In new ways in the field of medical image analysis supported by artificial intelligence
For more than a decade data mining, including machine learning has been an active topic of research and teaching at the Mathematical Institute at the Eötvös Loránd University with the objective of keeping up a good balance of mathematical and engineering approach. In recent years it was a good base to immerse ourselves in the world of Deep Learning, the latest breakthrough tool for Artificial Intelligence. A promising direction of research is to bridge the gap between mathematical theory and machine learning practice by exploiting newly discovered deep connections between fundamental results related to the study of large networks and the more applied domain of machine learning. As our competencies include state-of-the-art image retrieval techniques and recent network models: residual networks, variational autoencoders, and generative adversarial networks (GAN), we started to use them for Medical Image Analysis. Our approach here is twofold: first, to develop solutions to pressing problems within the field such as inconsistent inter-rater reliability and the declining amount of practicing radiologists by introducing deep learning backed automation in the diagnostic pipeline, secondly to improve upon existing state-of-the-art methods by studying the application of GANs to medical imaging data. Currently, we are researching structure-correcting adversarial networks on X-ray segmentation tasks, as well as super-resolution methods on computed tomography scans.
Chest X-ray is the most common test among medical imaging modalities. It is applied for detection and differentiation of, among others, lung cancer, tuberculosis, and pneumonia, the last with importance due to the COVID-19 disease. In order to identify lung nodules, lung segmentation of chest X-rays is essential, and this step is vital in other diagnostic pipelines as well, such as calculating the cardiothoracic ratio, which is the primary indicator of cardiomegaly.

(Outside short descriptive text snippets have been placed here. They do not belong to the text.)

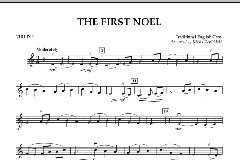The First Noel (Download) 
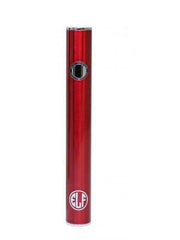 Load image into Gallery viewer, Elf Stick Variable Voltage USB Vape Pen Battery
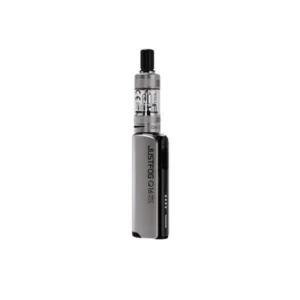 pack-q16-pro-plus-3ml-1500mah-justfog-silver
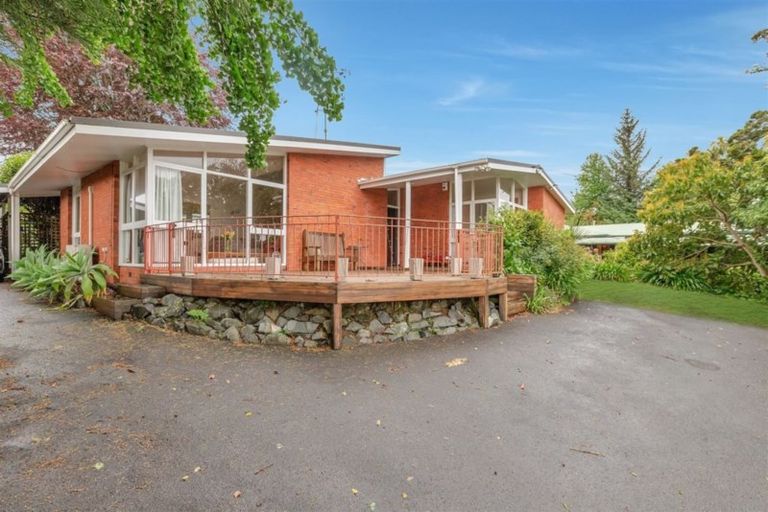 Photo of property in 1036 River Road, Queenwood, Hamilton, 3210
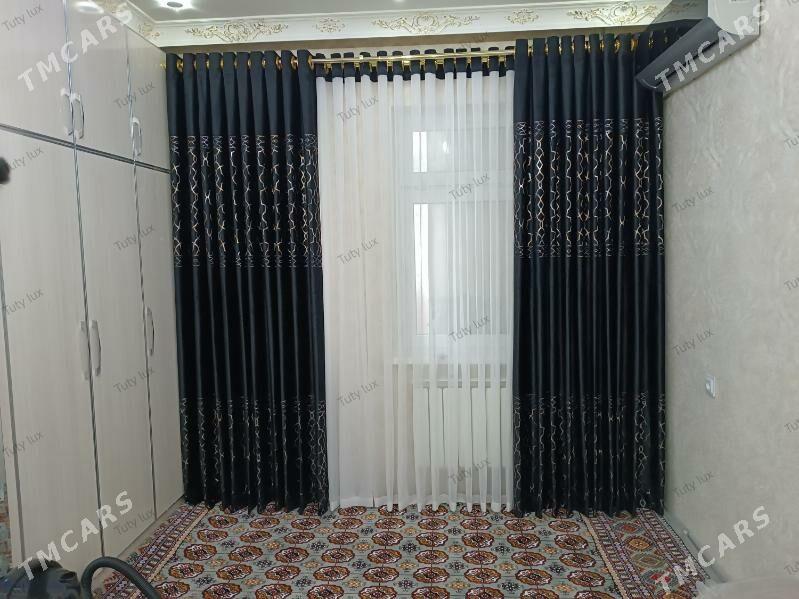 satlyk perde - Ашхабад - img 3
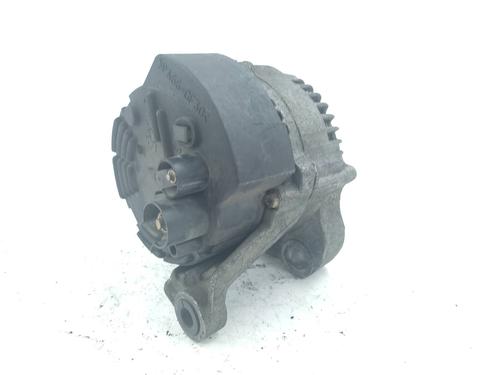 Alternator LANCIA Y (840_)  | BP21149921M7 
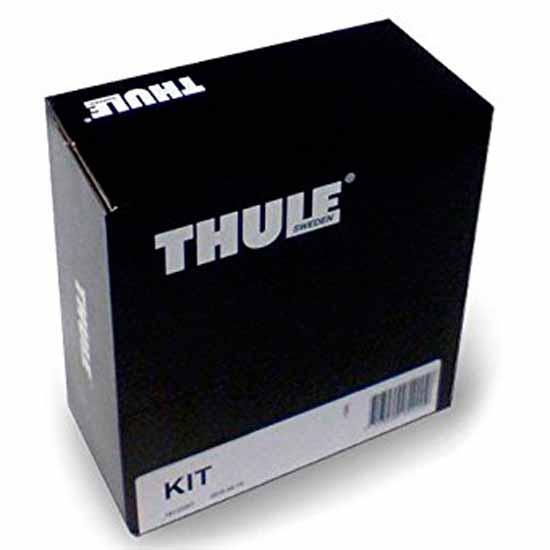 thule-kit-rapid-system-1130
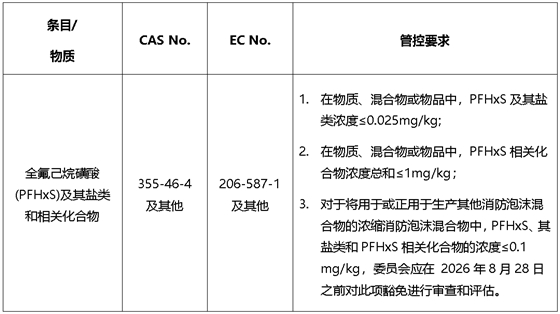 微信圖片_20240224132438.png 微信圖片_20240224132438.png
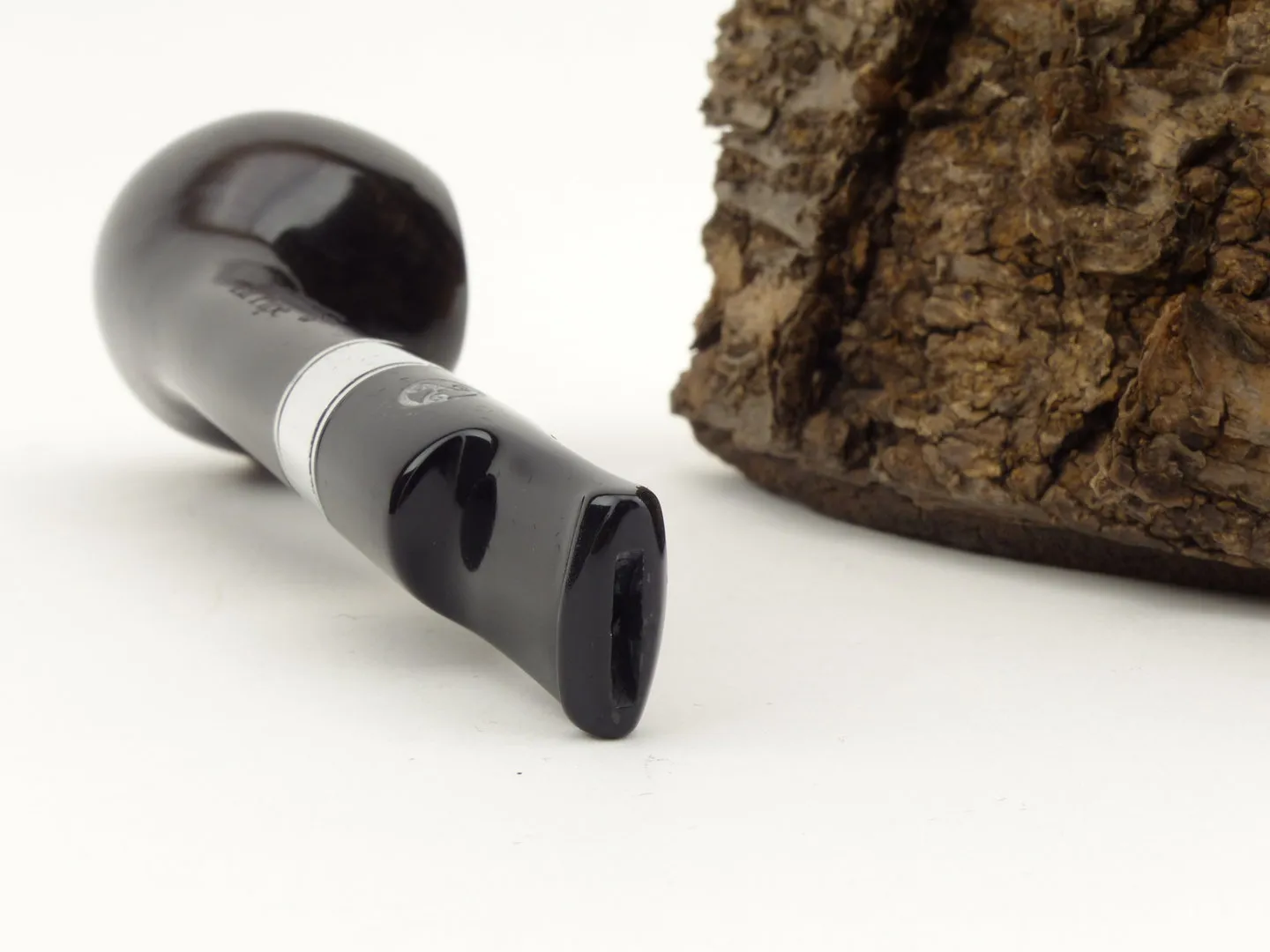 Rattray's Lil Pipe 173 grau – Produktbild 4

For this reason, a robust algorithm to perform this otherwise arduous segmentation task is much desired in the field of medical imaging. Semantic segmentation aims to solve the challenging problem of assigning a pre-defined class to each pixel of the image. This task requires a high level of visual understanding, in which state-of-the-art performance is attained by methods utilizing Fully Convolutional Networks (FCN). Our novel deep learning approach for lung segmentation uses attention gated FCNs in conjunction with an adversarial critic model, where we use Focal Tversky Loss for teaching the network. A further important element of the developed model was the preprocessing of the images. X-rays are grayscale images with typically low contrast, which makes their analysis a difficult task. This obstacle might be overcome by using some sort of histogram equalization technique. Our choice was to use Contrast Limited Adaptive Histogram Equalization (CLAHE). Applying CLAHE to an X-ray image has visually appealing results. As our experiments displayed, it does not merely help human vision, but also neural networks.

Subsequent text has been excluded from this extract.